Ralph asked no questions, as he was taken forward, as to the character of La Belle Marie. Six guns were ranged along on each side of her decks, and this, and the appearance of the captain's cabin, was sufficient to inform him that he had fallen into the hands of a French privateer. The craft had, indeed, left Dunkirk soon after nightfall, and was making her way down channel with every sail set when she had run down the unfortunate fishing boat.

Jacques, as he hung up the hammock, explained to the sailors who crowded round the character of the passenger who had so unexpectedly come on board.

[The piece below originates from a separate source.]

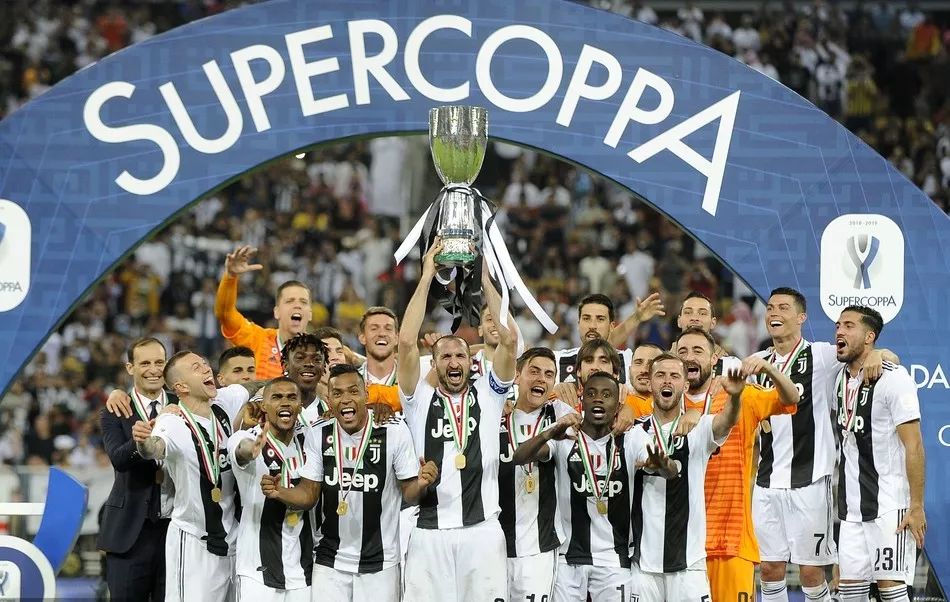 部在球员画 部在球员画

"Poor lad," one of the sailors said good-naturedly, "he will be some time before he sees his mother again. He hasn't got a very bright lookout before him—a long voyage, and then a prison. I will go and see if the cook has got some water hot. A glass of spirits will do him good."

A few minutes later Ralph was wrapped up in a blanket and the warm glow produced by that and the glass of strong grog soon sufficed to send him soundly to sleep, in spite of the painful uncertainty of his position and of his sorrowful thought of his mother, who would in the morning be inquiring for him in vain. It was nearly midday before he woke. Looking round he saw that he had the forecastle to himself. His clothes were lying on a chest close by, and in a few minutes he was on deck. A sense of disappointment stole over him. He had, while he was dressing, entertained the hope that on going on deck he should see an English cruiser in pursuit; but the wind had dropped and it was still thick, and his vision was confined to a circle a quarter of a mile in diameter. Jacques nodded to him good-temperedly, for all on board the privateer were in high spirits. Their voyage had begun propitiously; the darkness of the preceding night had enabled them to run the gantlet of the British cruisers in the narrow part of the channel, they were now well down the coast of France, and the fog reduced their chances of being seen by an enemy to a minimum.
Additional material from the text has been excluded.